The one man responsible for bringing disrepute to it is Narayanaswamy Srinivasan. For once, his chief astrologer seems to have failed to give him the right advice.

The developments have also shown that the board bigwigs are clay-footed. Like rats, the senior officials have started abandoning the sinking ship unless their statements distancing themselves is also a Srinivasan ploy to mislead the Supreme Court.

Things would not have come to this pass had the board members forced Srinivasan to quit the moment his son-in-law’s name cropped up in the betting and spot-fixing case the Mumbai police unearthed during the sixth edition of the Indian Premer League last year.

It was elementary that Gurunath Meiyappan was no toddler to be going round the cricket world holding his father-in-law’s finger.

The problem with the board members is that they think they are there forever and only the office-bearers are shuffled around among themselves, whoever is the president.

Srinivasan has a large retinue of legal brains and a look at the legal expenses incurred by the board will give one an idea how the board revels in litigation. It is perennially fighting cases.

He is also rattled by the reported discomfiture of India skipper Mahendra Singh Dhoni for finding his name being dragged into the controversy after Harish Salve, the counsel for the Bihar Cricket Association, accused him of giving false statements to the Justice Mukul Mudgal Probe Committee on Meiyappan’s role in the Chennai Super Kings.
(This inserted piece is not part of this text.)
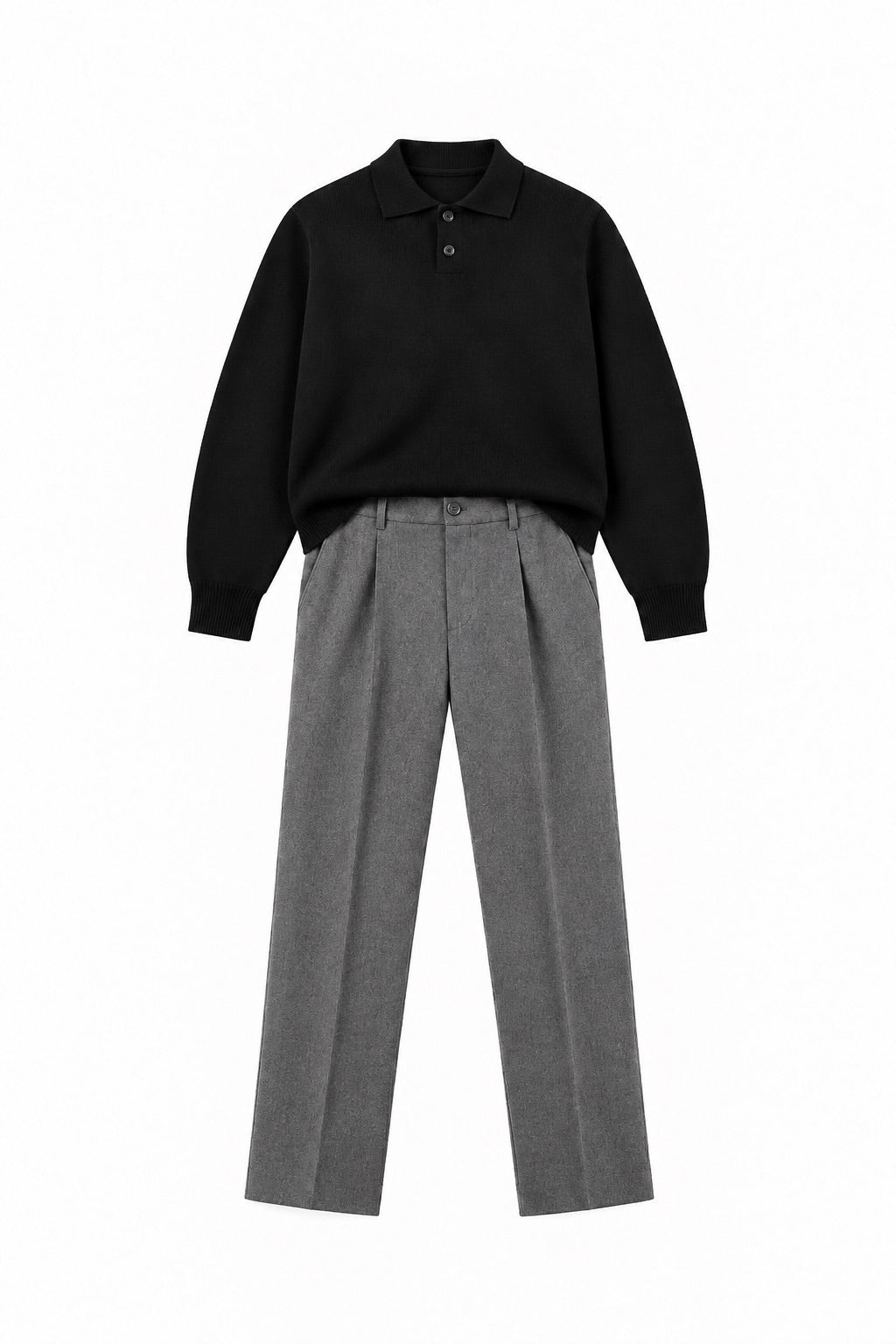 Black Knitted Button Up+G Tailored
Dhoni wants to sever all his ties with Srinivasan, his team Chennai Super Kings and his company India Cements where he is a vice president.
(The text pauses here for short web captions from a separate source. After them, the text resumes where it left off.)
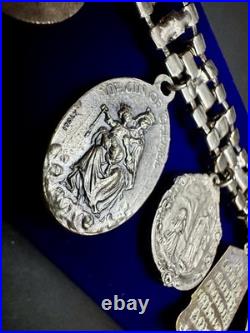 Vintage Catholic Rhinestone Charm Bracelet 10 Religious Saint Medals Relic Italy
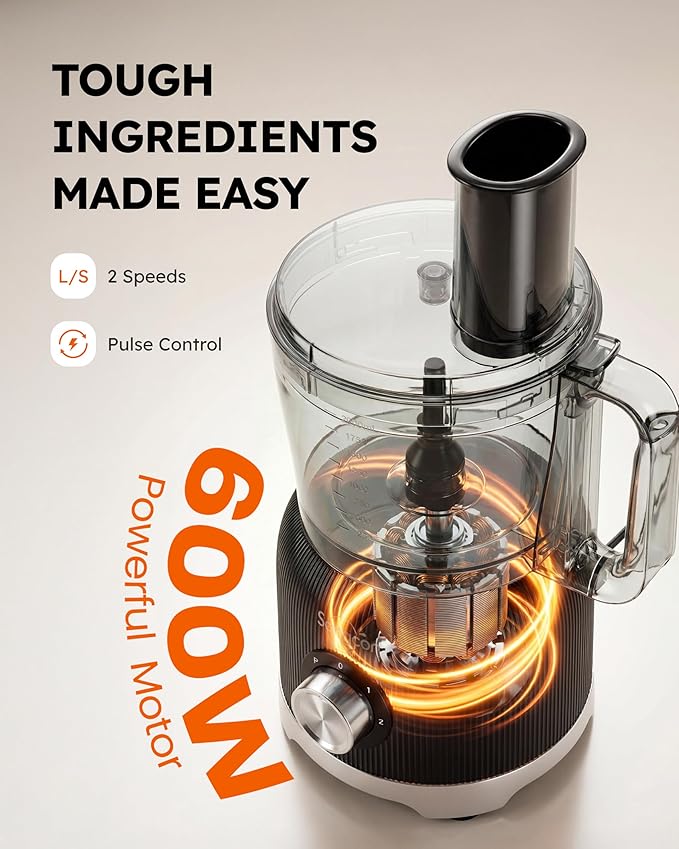 Sangcon Smoothie Blender and Food Processor Combo for Kitchen, 600W Vegetable Chopper with 2 x 8-Cup Bowls, 11-in-1 Food Chopper for Slicing, Shredding, Mixing, Purees & Dough, Shakes, BPA-Free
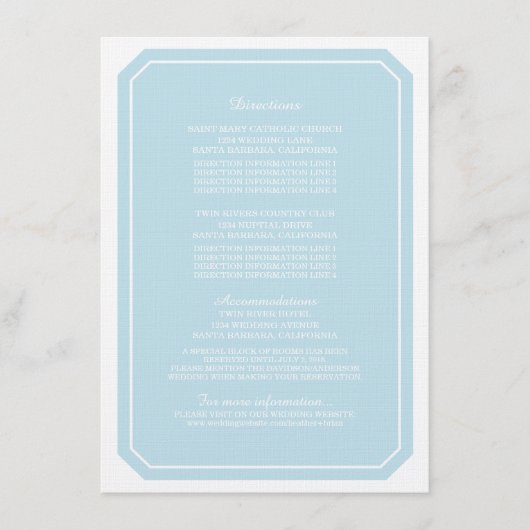 Blue Simply Elegant Information Kaart (Voorkant)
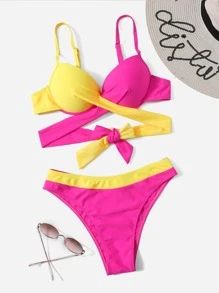 SHEIN Swim Two Tone Wrap Push Up Bikini For Summer Beach Vacation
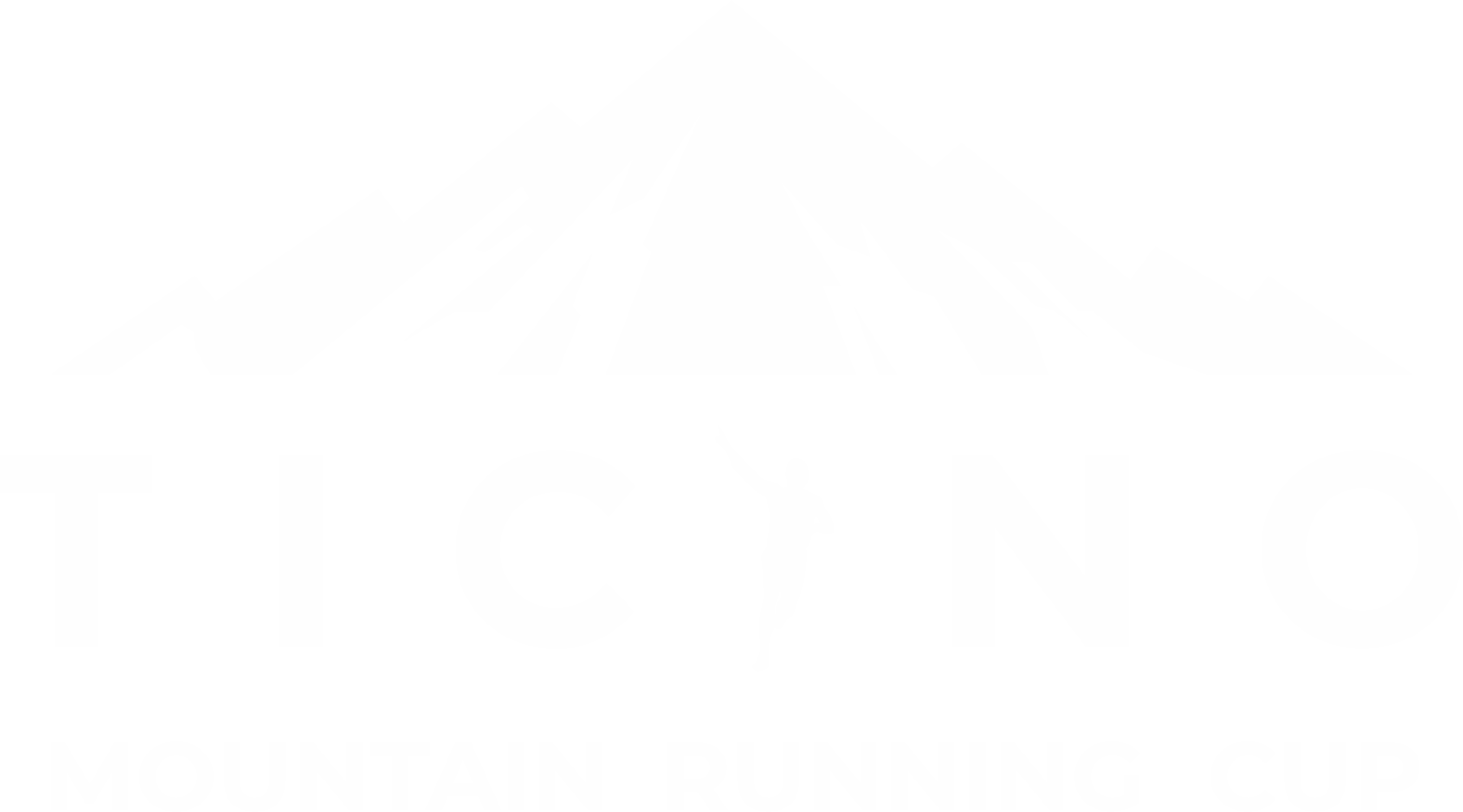 Logo di una gara di corsa in montagna con una montagna stilizzata e un corridore in corsa.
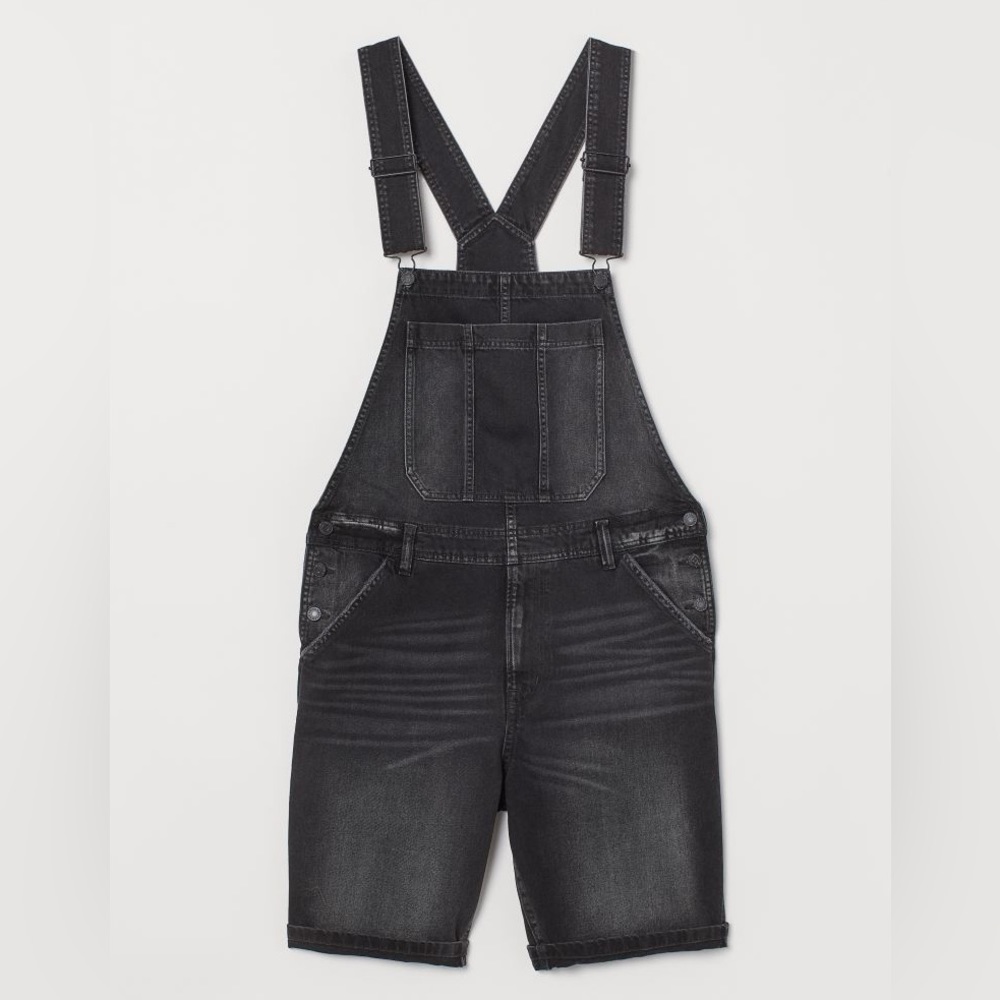 H&M &Denim Black Overalls Shorts (M)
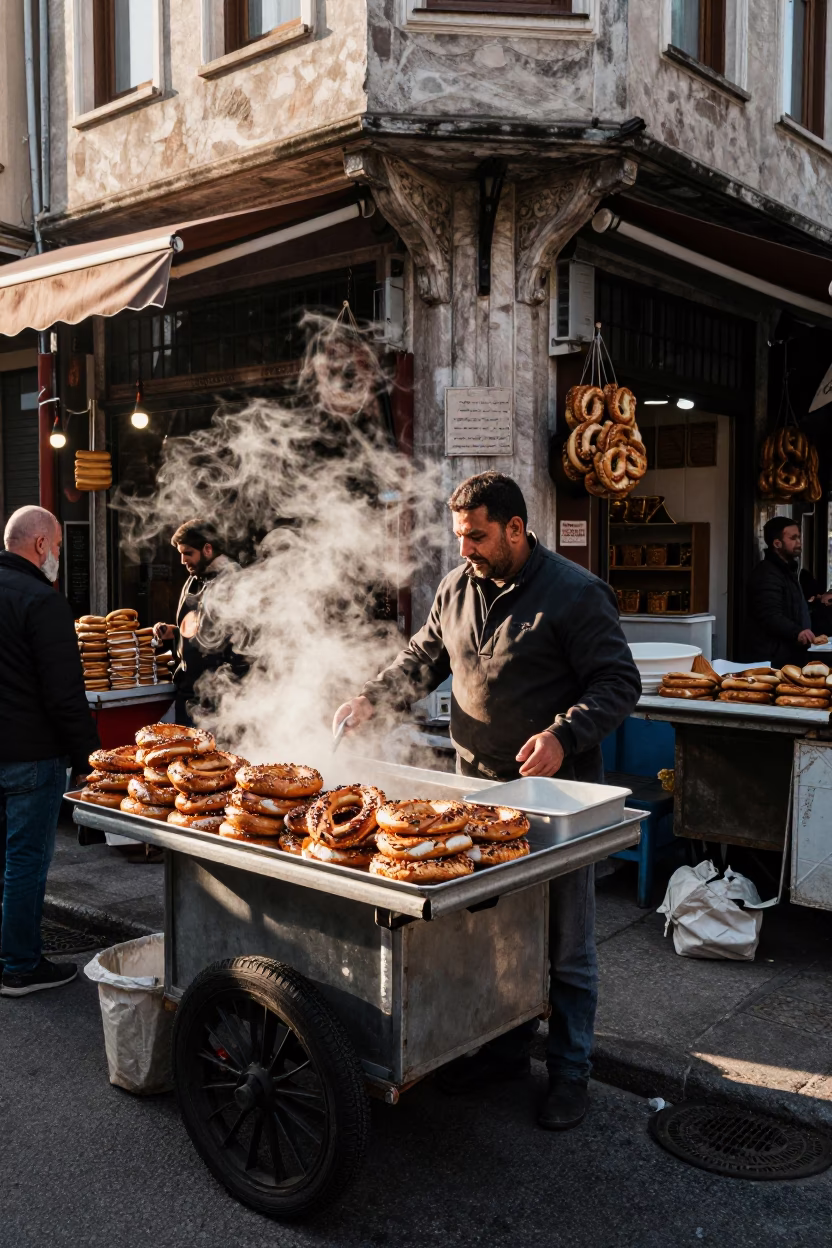 The Late Morning Light on Market Stall in Istanbul in in Istanbul, Turkey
The board had either tyrants as presidents who thought they will rule forever or they happen to be someone like the late Raj Singh Dungarpur or non-descript docile A.C. Muthiah, who was denied a third year as chief by a scheming Jagmohan Dalmiya.

Both the kinds suited the careerist officials of the state associations who are happy minding their fiefdoms hanging on to the coat tails of politicians who get high in the company of status symbols Gavaskars, Kapil Devs, Tendulkars and Dhonis.

At the bottom line, is Gavaskar really the ideal man to head the board? After all, he is someone who has constantly defied its authority as a player and captain. When it was pointed out to him that he should not write his syndicated column as a player/captain, he was quick to point out at a team meeting that he cannot stop thinking of money and if he does he would stagnate in life.

Poor Dilip Vengsarkar was fined for the same offence, writing a column as captain and lost his job. Surprisingly, the board never showed courage to even admonish him let alone punish him.

Gavaskar is also the man who excused himself from becoming the coach of the Indian team after briefly holding the baby when Ajit Wadekar was suddenly stricken by an heart ailment in Sharjah.

He was the longest serving chairman of the International Cricket Council (ICC) Cricket Committee and after eight years he quit, saying his position is incompatible with his media commitments!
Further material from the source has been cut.